▶ _Task instructions_
Please retype, character for character, the portion of the entries below that runs from the line containing "Clearaudio Concept Wood" to the last line.

▶ _Records_
********************
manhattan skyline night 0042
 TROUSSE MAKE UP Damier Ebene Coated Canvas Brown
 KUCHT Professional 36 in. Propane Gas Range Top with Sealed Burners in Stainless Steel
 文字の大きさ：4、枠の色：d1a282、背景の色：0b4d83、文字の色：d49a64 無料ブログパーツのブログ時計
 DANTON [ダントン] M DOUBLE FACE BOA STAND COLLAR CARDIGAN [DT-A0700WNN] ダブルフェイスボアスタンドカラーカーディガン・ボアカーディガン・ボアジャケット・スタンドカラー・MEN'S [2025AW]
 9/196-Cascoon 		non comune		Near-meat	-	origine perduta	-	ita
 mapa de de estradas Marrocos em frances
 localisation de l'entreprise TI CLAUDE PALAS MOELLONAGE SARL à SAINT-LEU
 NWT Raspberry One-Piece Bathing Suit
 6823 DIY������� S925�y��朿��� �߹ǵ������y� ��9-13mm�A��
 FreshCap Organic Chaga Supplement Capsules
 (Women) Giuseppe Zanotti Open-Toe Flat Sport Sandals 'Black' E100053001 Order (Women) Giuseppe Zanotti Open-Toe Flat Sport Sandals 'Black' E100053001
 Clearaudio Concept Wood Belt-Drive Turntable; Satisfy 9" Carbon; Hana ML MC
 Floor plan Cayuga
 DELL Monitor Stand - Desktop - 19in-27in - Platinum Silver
********************
▶ _Reply_
 Clearaudio Concept Wood Belt-Drive Turntable; Satisfy 9" Carbon; Hana ML MC
 Floor plan Cayuga
 DELL Monitor Stand - Desktop - 19in-27in - Platinum Silver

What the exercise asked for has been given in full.